_WORK REQUIRED_: Work through the listing below and give again exactly the lines from the one with "MERCEDES BENZ S-Classe" to the one with "دوربین خورشیدی سیمکارتی", both ends included. All other lines and all pictures stay out.

_RECORDS SHOWN_:
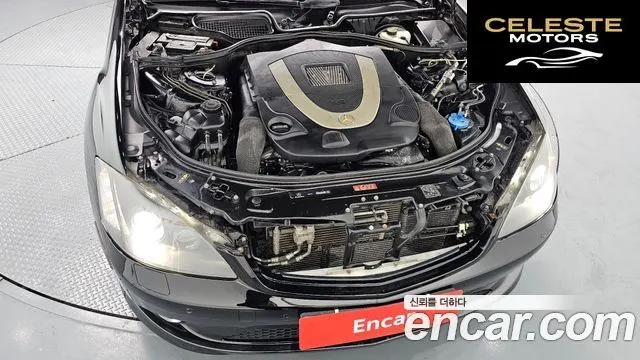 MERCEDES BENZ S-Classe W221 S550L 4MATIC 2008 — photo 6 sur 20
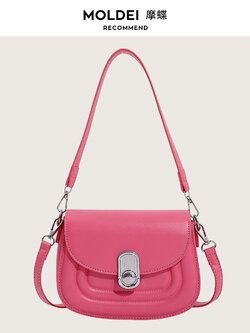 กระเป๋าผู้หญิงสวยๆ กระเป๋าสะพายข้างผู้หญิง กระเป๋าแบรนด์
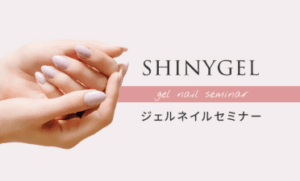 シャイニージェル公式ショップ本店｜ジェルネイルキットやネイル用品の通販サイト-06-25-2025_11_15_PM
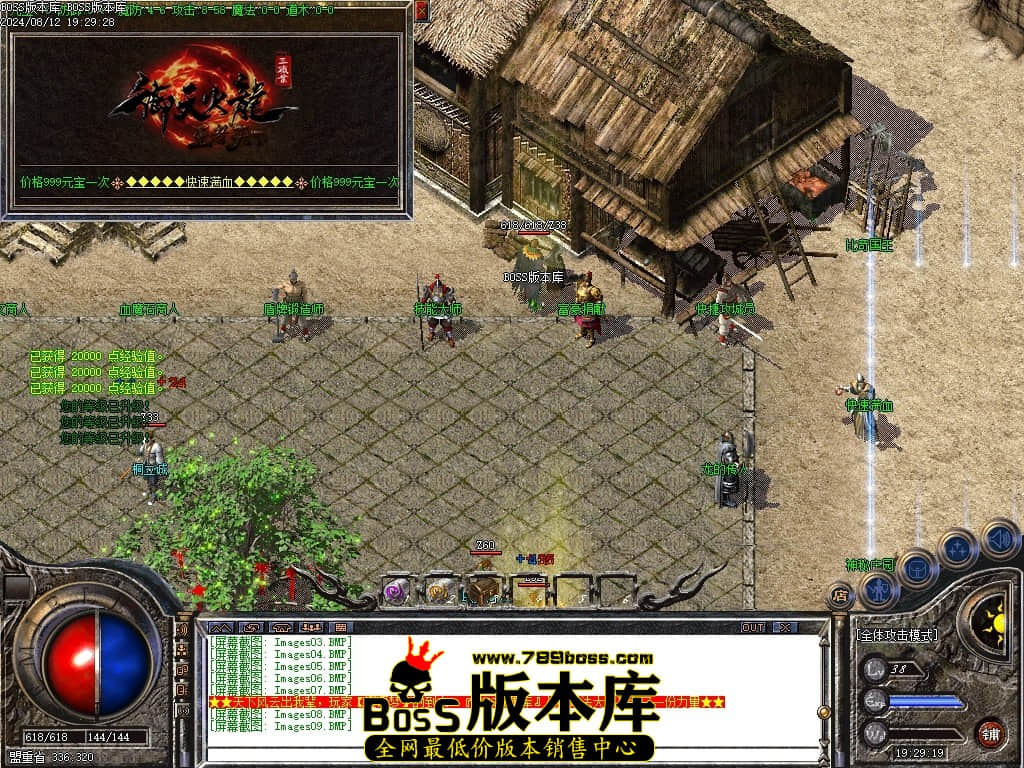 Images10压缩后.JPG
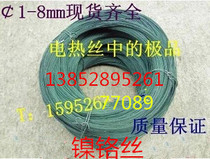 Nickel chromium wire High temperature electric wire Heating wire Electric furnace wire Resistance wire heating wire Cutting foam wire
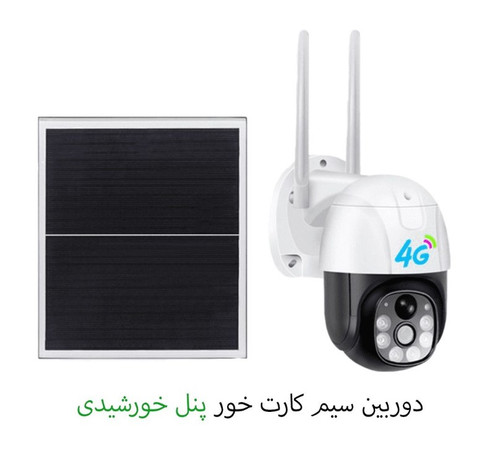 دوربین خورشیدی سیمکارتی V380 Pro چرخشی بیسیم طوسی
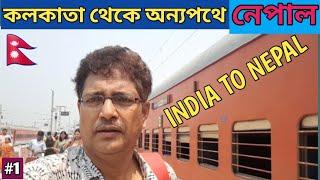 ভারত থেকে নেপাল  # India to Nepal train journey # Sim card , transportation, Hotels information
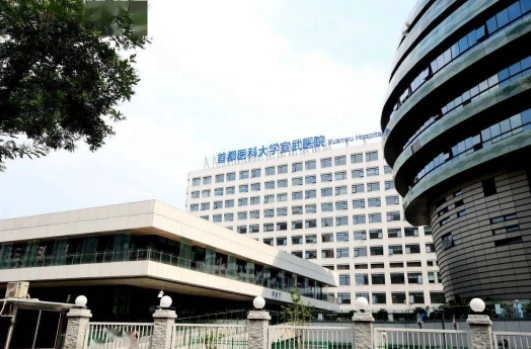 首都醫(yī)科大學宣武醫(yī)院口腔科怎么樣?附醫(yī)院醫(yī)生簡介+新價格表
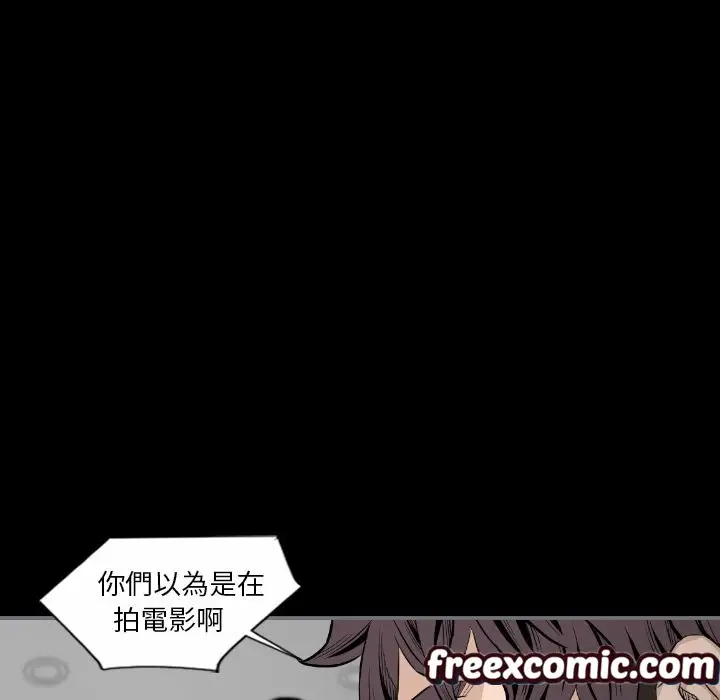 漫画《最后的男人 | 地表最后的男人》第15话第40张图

--

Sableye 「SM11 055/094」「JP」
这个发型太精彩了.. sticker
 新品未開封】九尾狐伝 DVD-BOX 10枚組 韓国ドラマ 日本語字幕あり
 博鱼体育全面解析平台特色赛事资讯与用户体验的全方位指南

_REPLY TO THE EXERCISE_:
 MERCEDES BENZ S-Classe W221 S550L 4MATIC 2008 — photo 6 sur 20
 กระเป๋าผู้หญิงสวยๆ กระเป๋าสะพายข้างผู้หญิง กระเป๋าแบรนด์
 シャイニージェル公式ショップ本店｜ジェルネイルキットやネイル用品の通販サイト-06-25-2025_11_15_PM
 Images10压缩后.JPG
 Nickel chromium wire High temperature electric wire Heating wire Electric furnace wire Resistance wire heating wire Cutting foam wire
 دوربین خورشیدی سیمکارتی V380 Pro چرخشی بیسیم طوسی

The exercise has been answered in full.